It has also become very known that the alleged “aid” which Turkey and Saudi Arabia have been sending to the terrorists is in fact weapons and equipment aimed at killing the Syrian, said al-Jaafari, adding that the weapons-laden trucks which were seized by the Turkish government and those sent by Saudi Arabia to Jabhat al-Nusra across the Jordanian borders are a most telling proof of that.
Al-Jaafari used the opportunity of the meeting to call upon “all national opposition” groups to support the immense effort put by the Syrian government to ensure aid delivery to the beneficiaries and not politicize the humanitarian issue.
He stressed that the Syrian government views the “national opposition” as a partner in the Syrian-Syrian dialogue process, which necessitates concerted efforts to secure the restoration of security and stability to Syria.

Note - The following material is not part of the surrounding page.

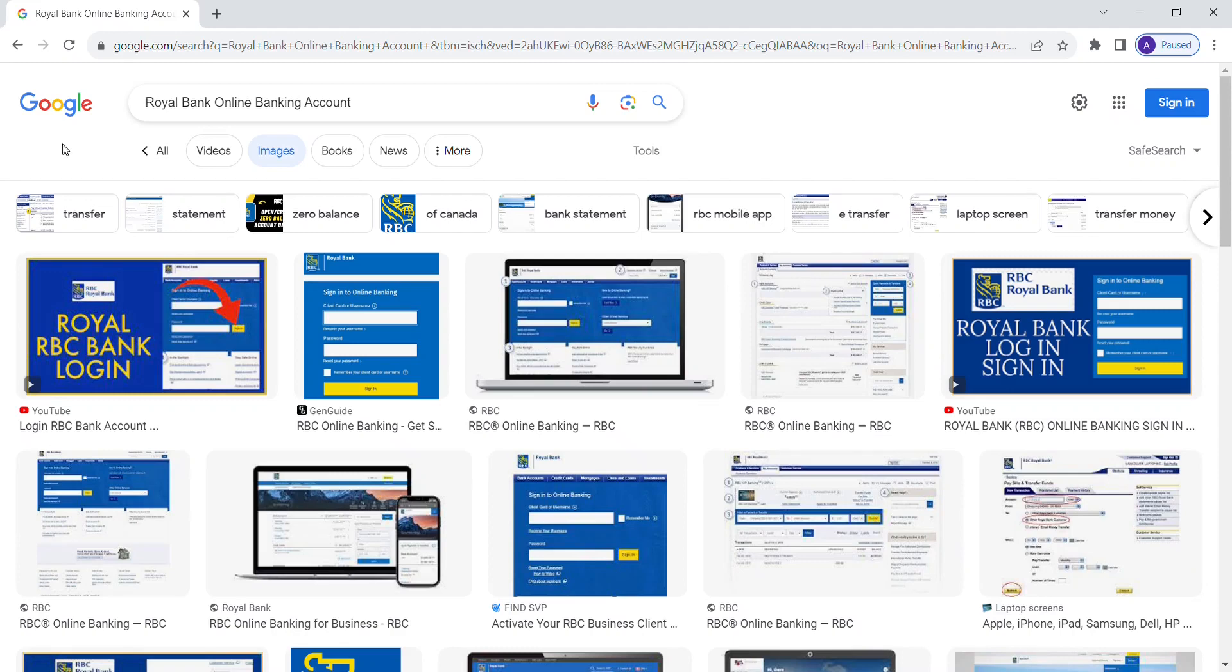Hello and welcome back to my channel. In this video, I will show you how to log in to your Royal Bank online banking account quickly and easily.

Al-Jaafari pointed out that the participation of the government’s delegation in Moscow meetings, that is based on what came in the Russian invitation in terms of exchanging views and ideas on what could be a ground for any inter-Syrian dialogue to be held in Damascus, asserts the Syrian national principles, namely respecting the national sovereignty and territorial integrity.
The government delegation’s participation, he added, also stresses the principles of respecting the Syrian people’s will and the rule of law, maintaining the state institutions and regarding the army and armed forces as an embodiment of national unity and its independent decision and the struggle for the full liberation of the Israeli-occupied Golan.
At the beginning of his speech, al-Jaafari offered thanks to the Russian Foreign Ministry and the Director of the Institute of Oriental Studies Vitaly Naumkin for hosting this consultative meeting that is aimed at discussing the prospects of holding a comprehensive and open inter-Syrian dialogue in Damascus.
Qadri Jamil said Geneva 1 was a cover-up and had gaps, noting that it needs to be updated because when it was agreed upon, terrorism was not clear to everybody.
SANA correspondent in Moscow reported that a number of opposition figures presented a paper with items to the government delegation.
Closed-door meetings that brought together representatives of various opposition factions were held last Monday and Tuesday as part of Russia-sponsored meetings which, according to Russian Foreign Minister Sergey Lavrov, seek to provide an avenue and a forum for discourse and discussions with representatives of the Syrian government.
In a press conference on Monday, Lavrov said the goal of the meetings is to establish direct contact between the two sides, describing them as an effort to reinvigorate dialogue without conditions to pave the way towards resolving the crisis in Syria.